## Stored data
┄┄┄┄┄┄

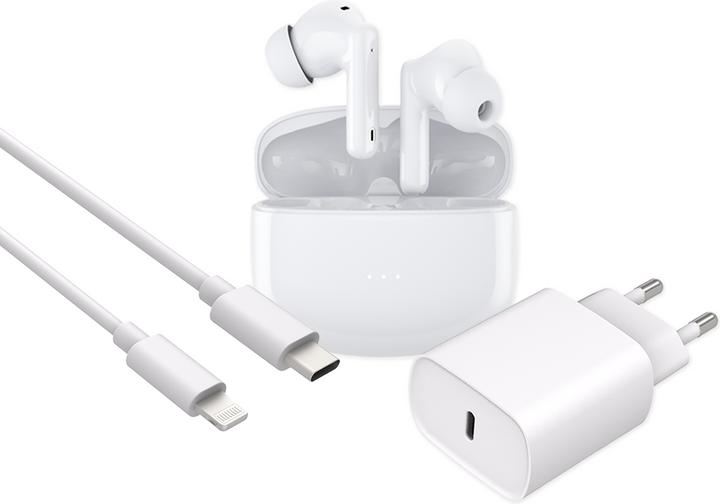 Produktbild Cazy Kabellose Ohrhörer mit Active Noise Cancelling + 20W USB-C-Ladegerät + Lightning zu USB-C Kabel - (ANC, 5.50 h, Kabellos)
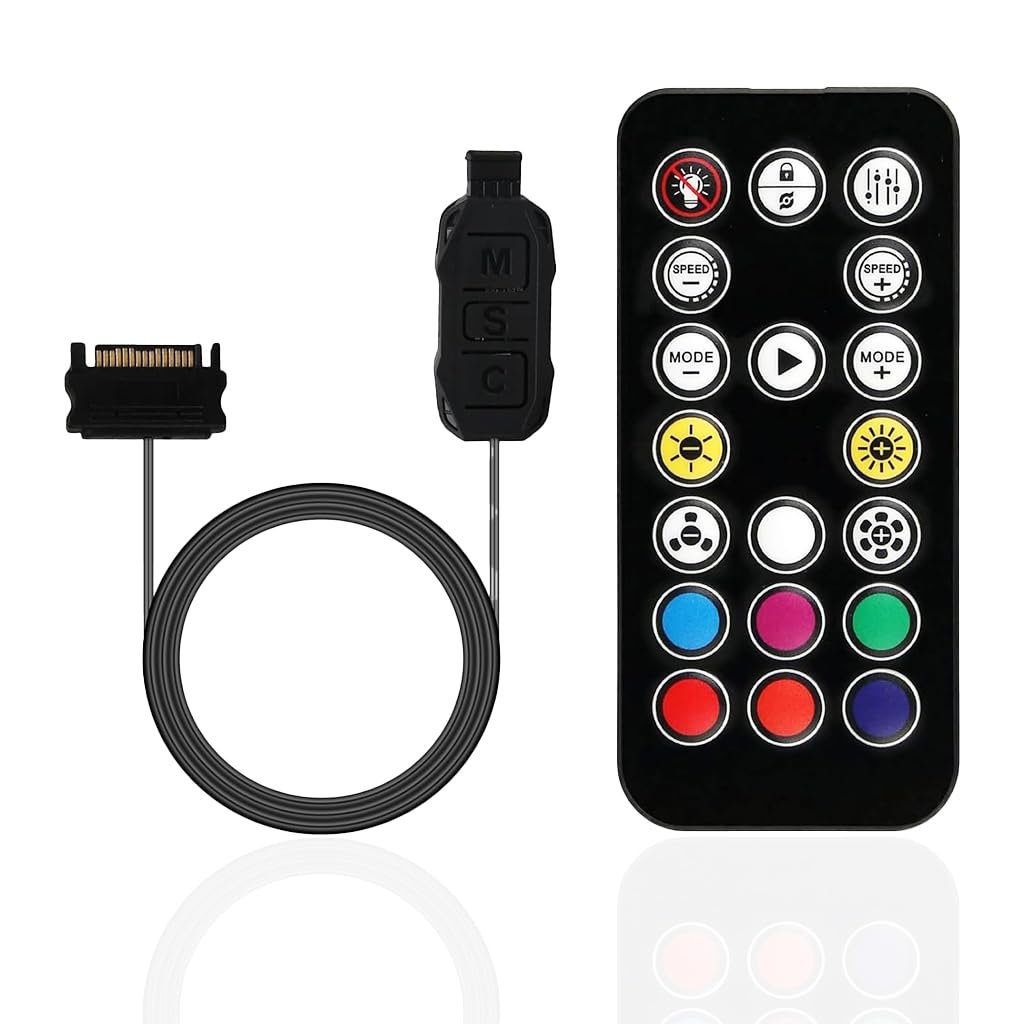 zorbes argb controller 5v 3pin sata power hub for pc fans light strips | animated lighting design, durable construction, 1 set, for gaming, custom pc builds, workspaces, and diy lighting projects.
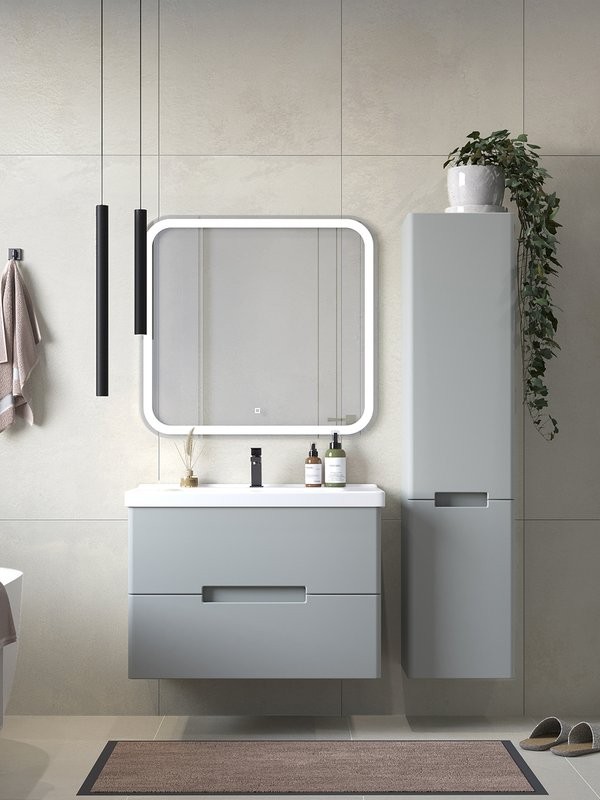 Мебель для ванной комнаты SanStar Ориана 80 подвесная, серая, раковина Dreja Harmony 80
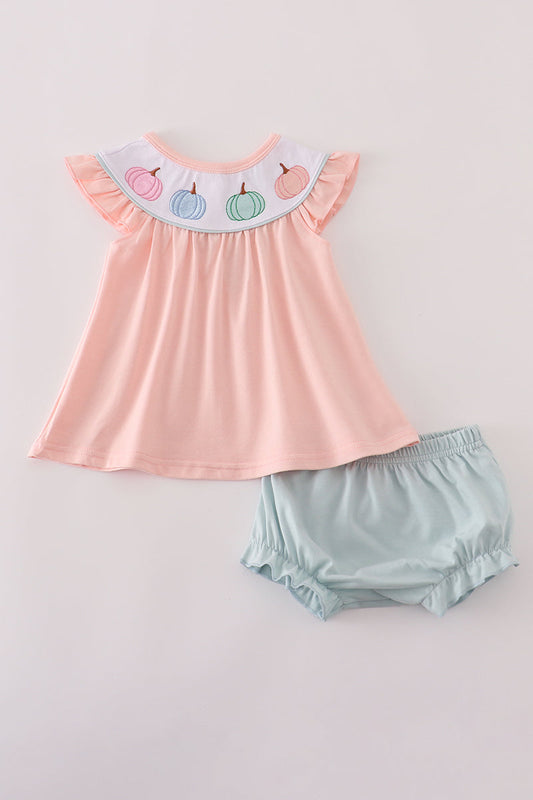 Pink pumpkin bloomer set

┄┄┄┄┄┄

## Exercise goal
Write every line of the data out again exactly, leaving out all images.

## Solved problem
 Produktbild Cazy Kabellose Ohrhörer mit Active Noise Cancelling + 20W USB-C-Ladegerät + Lightning zu USB-C Kabel - (ANC, 5.50 h, Kabellos)
 zorbes argb controller 5v 3pin sata power hub for pc fans light strips | animated lighting design, durable construction, 1 set, for gaming, custom pc builds, workspaces, and diy lighting projects.
 Мебель для ванной комнаты SanStar Ориана 80 подвесная, серая, раковина Dreja Harmony 80
 Pink pumpkin bloomer set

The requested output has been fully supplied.